Part of “Meshes“, a series of image essays that finds surprising visual links between films.
Peter Pan made no bones about it: “I want always to be a boy, and have fun.” But the moral of his story (and many others) warns that childhood is but a way station to adulthood, a finite period that finalizes morality, taste, and perspective. Centuries of narrative storytelling have taught us that fighting against this fact is futile, and when childhood development is protracted, manipulated, or deformed, the innocent can turn into monsters.
Tomas Alfredson’s chilly Swedish vampire film Let the Right One In (2008) and Yorgos Lanthimos’ sunny dark comedy Dogtooth (2009) each considers forcibly extended childhoods and their disastrous effects. Much like his new spy thriller Tinker, Tailor, Soldier, Spy, Alfredson paints Let the Right One In with frigid blues, blacks, and grays, shooting mostly at night and using dark shadows to divide the slightest hints of color. Still, the violent tale of bullied 11-year old Oskar (Kåre Hedebrant) and his budding friendship with Eli (Lina Leandersson), a forever-young vampire who lives next door, is shrouded in compassion and imbued with a singular sense of human connection. Despite being surrounded by ice and sleet, the outcast and bloodsucker find warmth together, while all of the “normal” kids go on living like cold-blooded beasts.

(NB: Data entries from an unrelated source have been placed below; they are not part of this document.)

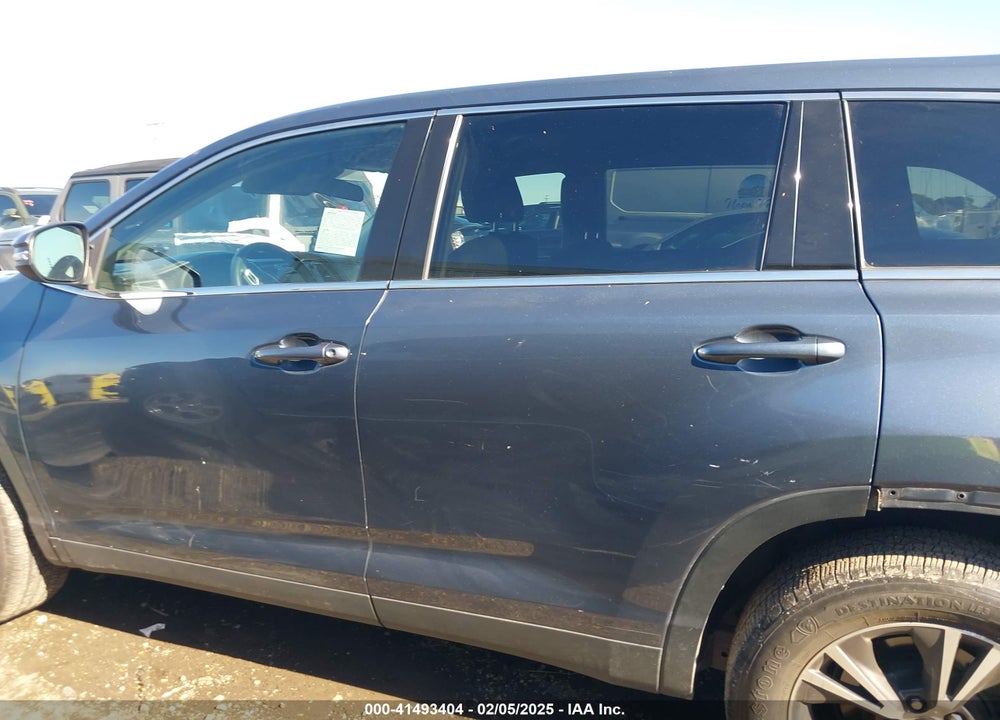 2019 TOYOTA HIGHLANDER LE VIN: 5TDZZRFH9KS290866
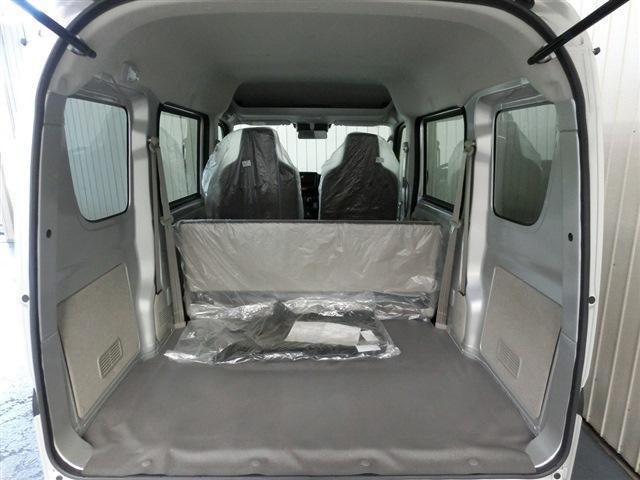 クリッパーバン DX ハイルーフ 純正AM/FMラジオ・キーレス・オートライト・ヘッドライトレベライザー・インテリジェントエマージェンシーB・車線逸脱警報・VDC・コーナーセンサー・Wエアバック・ABS・オーバーヘッドコンソール(19枚目)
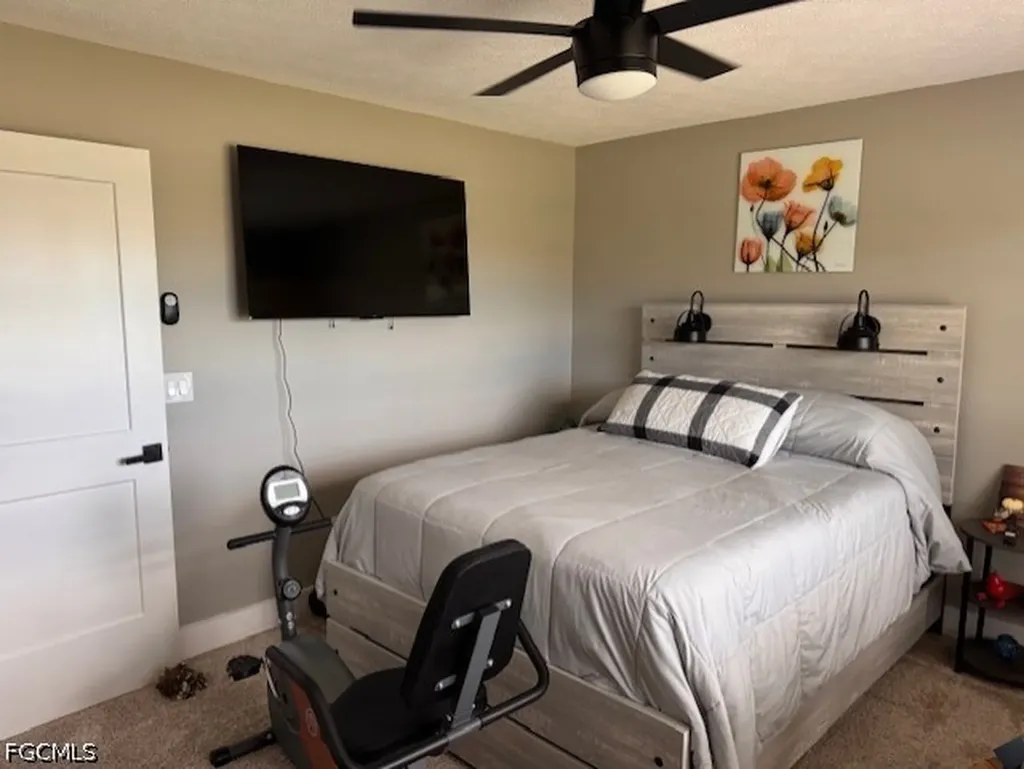 3928 SE 11th Place Cape Coral FL 33904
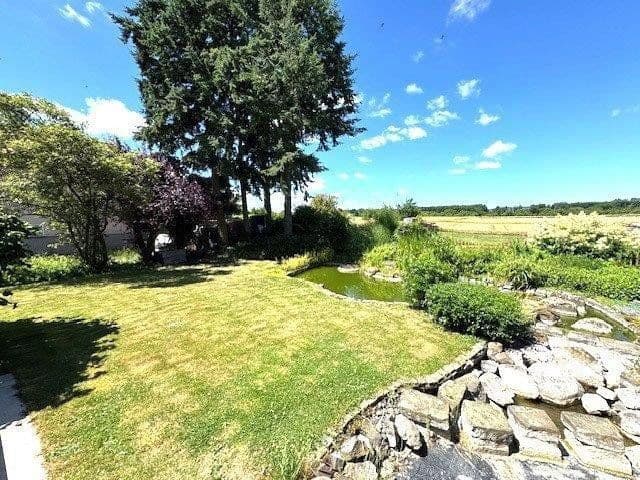 Prenájom domu 180 m², pozemok 950 m², Karben, Hesensko Prenájom domu 180 m², pozemok 950 m², Karben, Hesensko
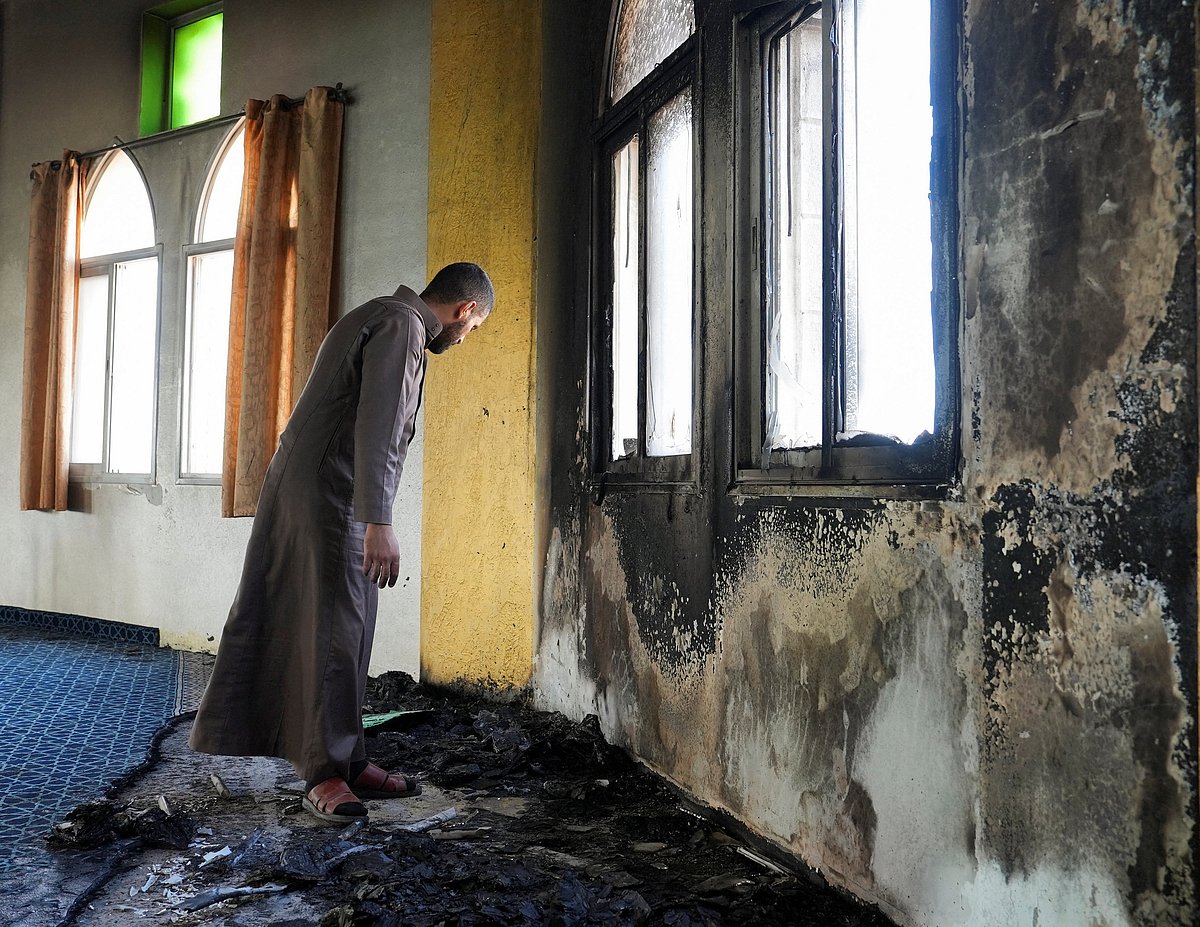 ফিলিস্তিনের পশ্চিম তীরে মসজিদে আগুন দিয়েছে ইসরায়েলি সেটলাররা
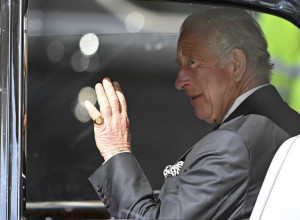 MISTERIJA PRSTENA KRALJA ČARLSA III! Ne skida ga već 50 godina s malog prsta leve ruke!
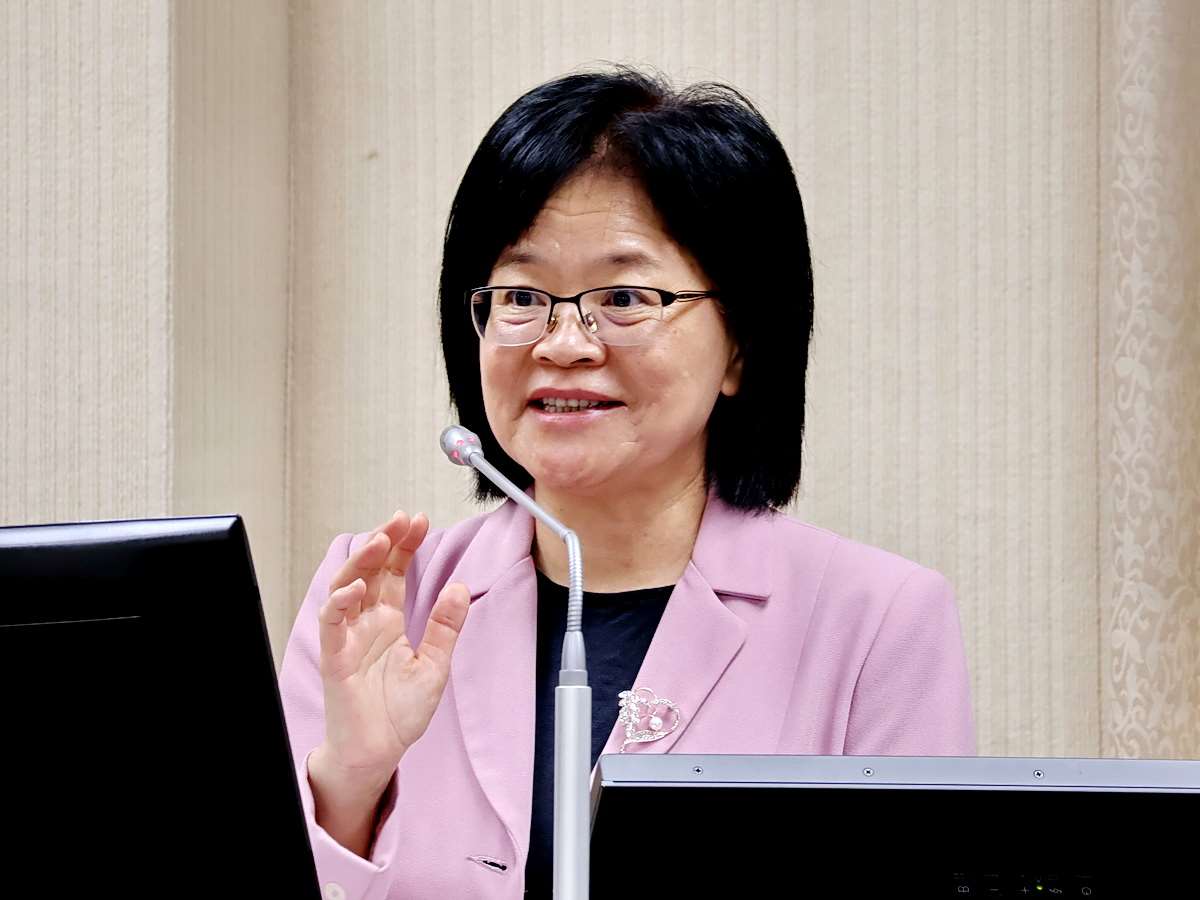 僑委會副委員長賴麗瑩15日在立法院表示，僑委會駐外人力確實不足，所以眷屬常以「志工」身分提供協助 (央廣記者王照坤 攝)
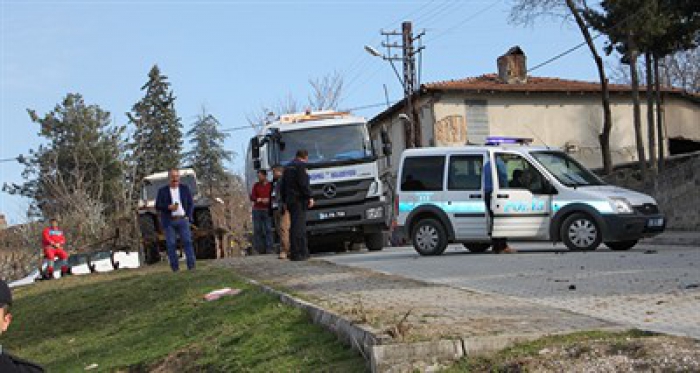 Çöp kamyonunda esrarengiz patlama: 2 yaralı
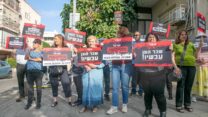 עובדות ועובדי הוראה מפגינים מול ביתה של השרה מרב מיכאלי (צילום: יוסי אלוני)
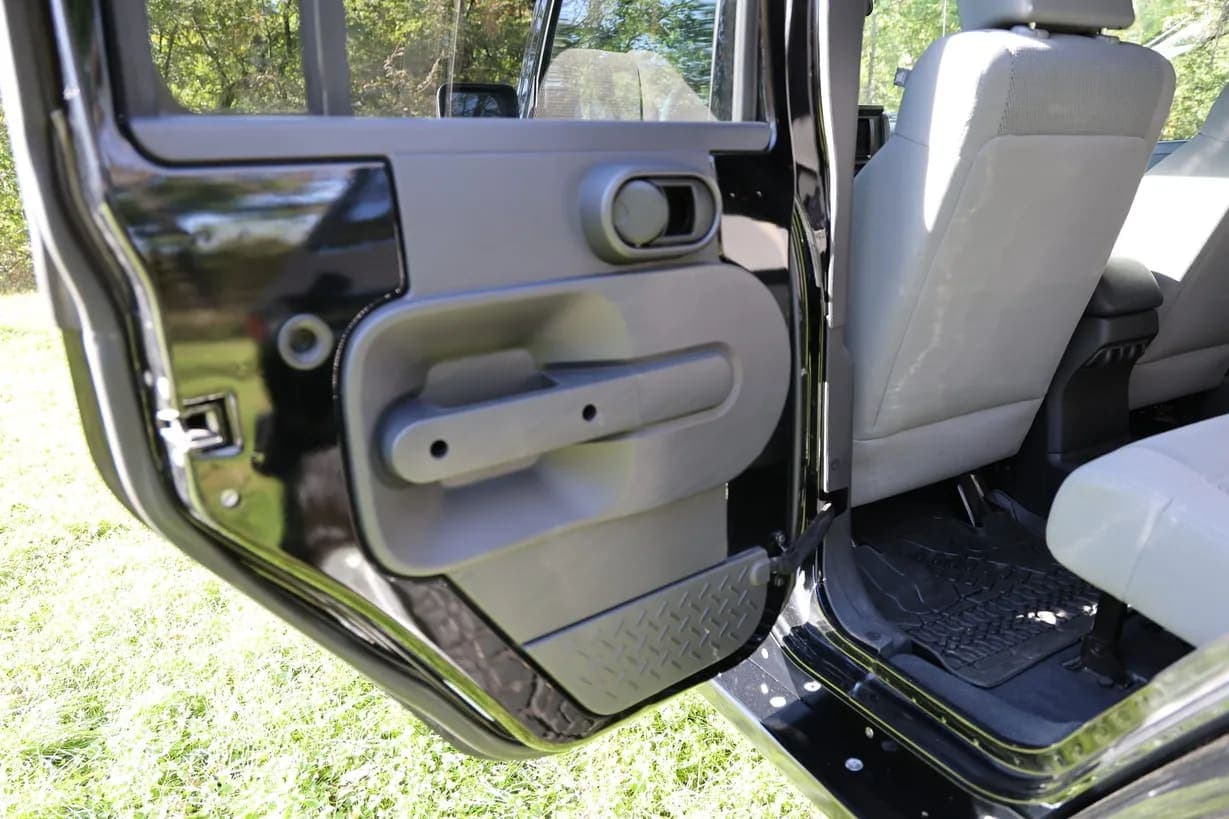 2007 Jeep Wrangler Unlimited Sahara, view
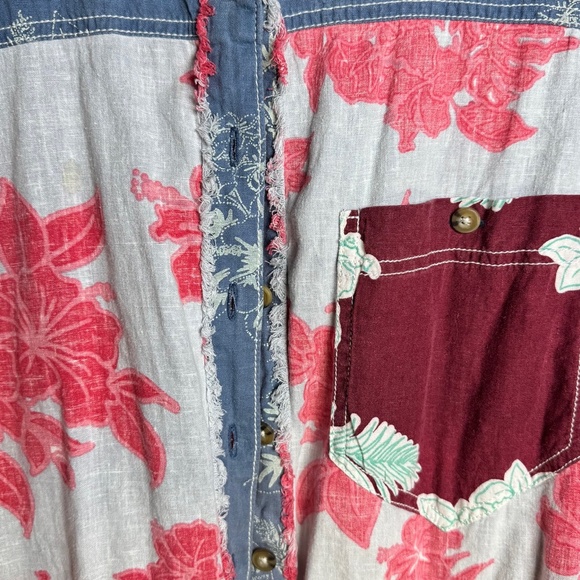 We The Free Linen Floral Patchwork Shirt with Distressed Seams SZ M - Picture 4 of 6
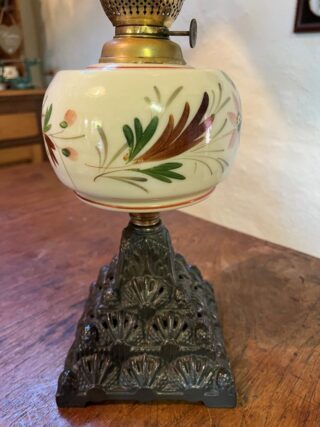Porcelain hand painted oil lamp - Image 3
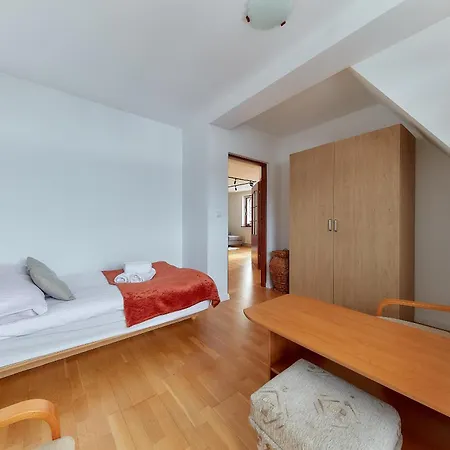 Misty Mountain Retreat Apartment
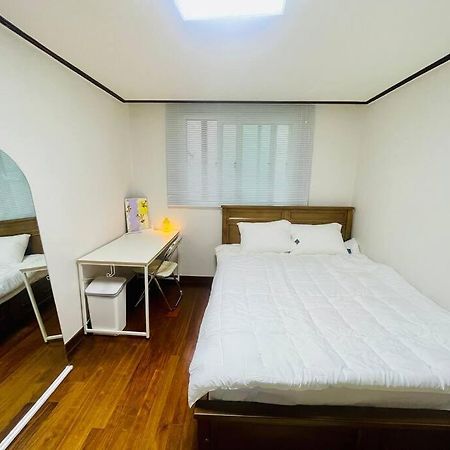 The Biggest Three Bedroom In Hongdae, Sinchon, Yonsei ソウル特別市 エクステリア 写真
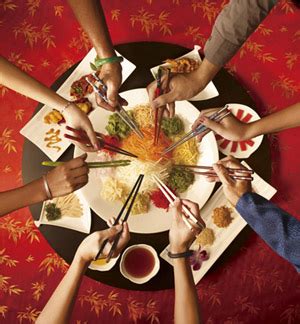 Tahun baru cina diraikan dengan jamuan yee sang dan kuih bakul. Open Minda: Sejarah Perayaan Tahun Baru Cina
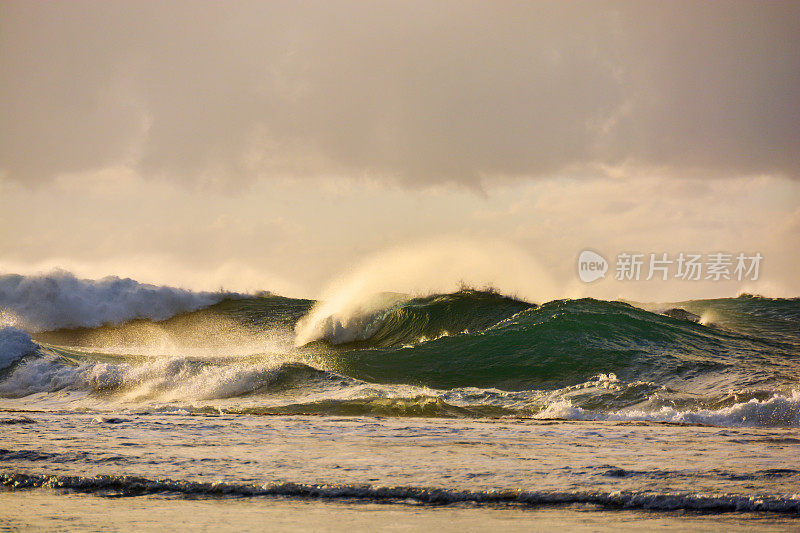 在考艾岛北岸的科伊海滩，野生纳帕里海岸冲浪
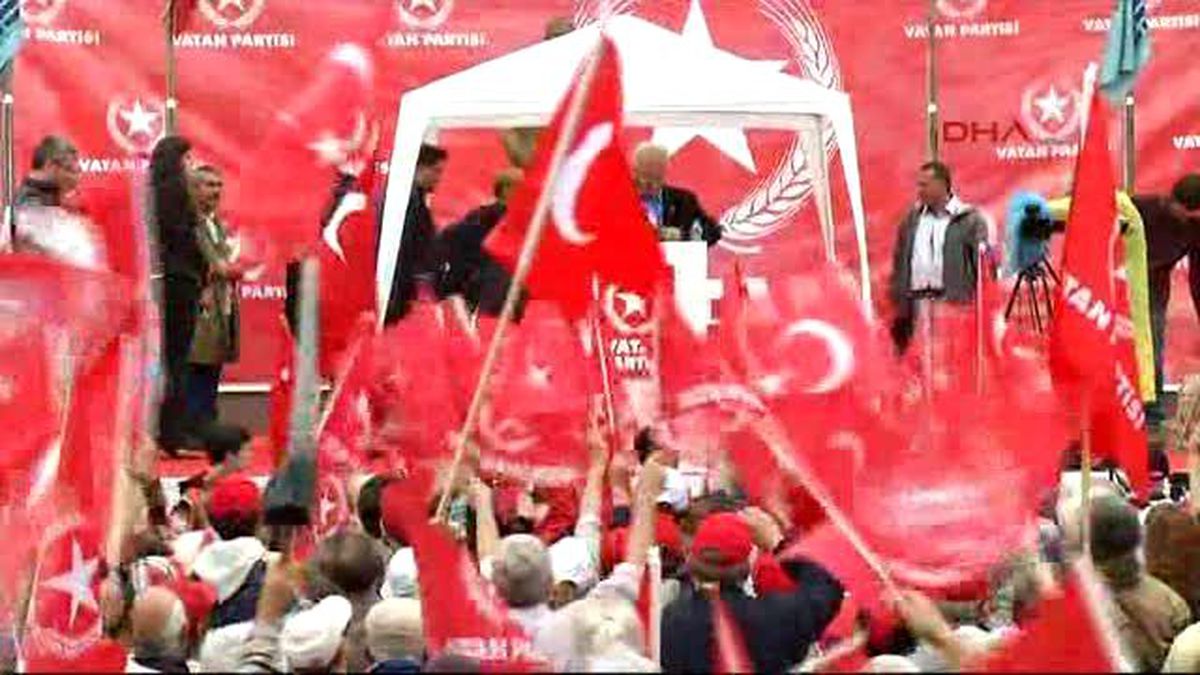 Balıkesir Edremit -Perinçek Bunların Planı Türkiye\'de Bir Akp, CHP Hükümeti Kurmak Abdullah...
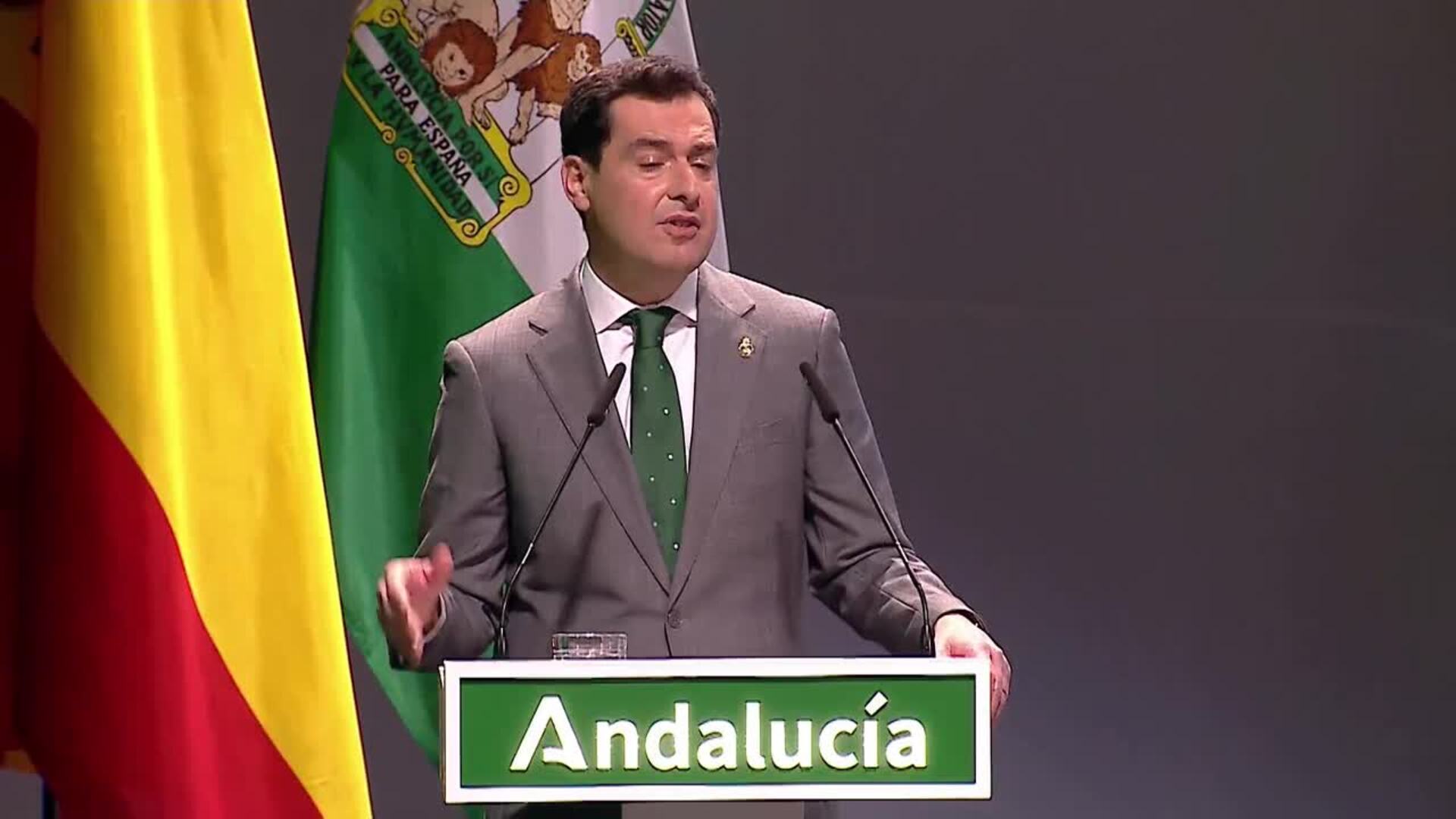 Moreno llama a liderar España frente a los &quot;nacionalismos&quot;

Dogtooth is a solarium by comparison, nearly every shot shrouded in the bright sunlight of a rural compound inhabited by a nameless wealthy Greek family. Father (Christos Stergioglou) and Mother (Michele Valley) hold sway over their three grown children (Son, Younger Daughter, Older Daughter) inside what equates to a carefully constructed fishbowl of household mythology. Completely sequestered from the outside world, the family has their own rules/hierarchies/ideologies, all defined by a cycling sense of confusion, aggression, and competition. Despite the film’s sun-drenched look, it doesn’t get much darker than Dogtooth, proving that weather in both films is often misleading.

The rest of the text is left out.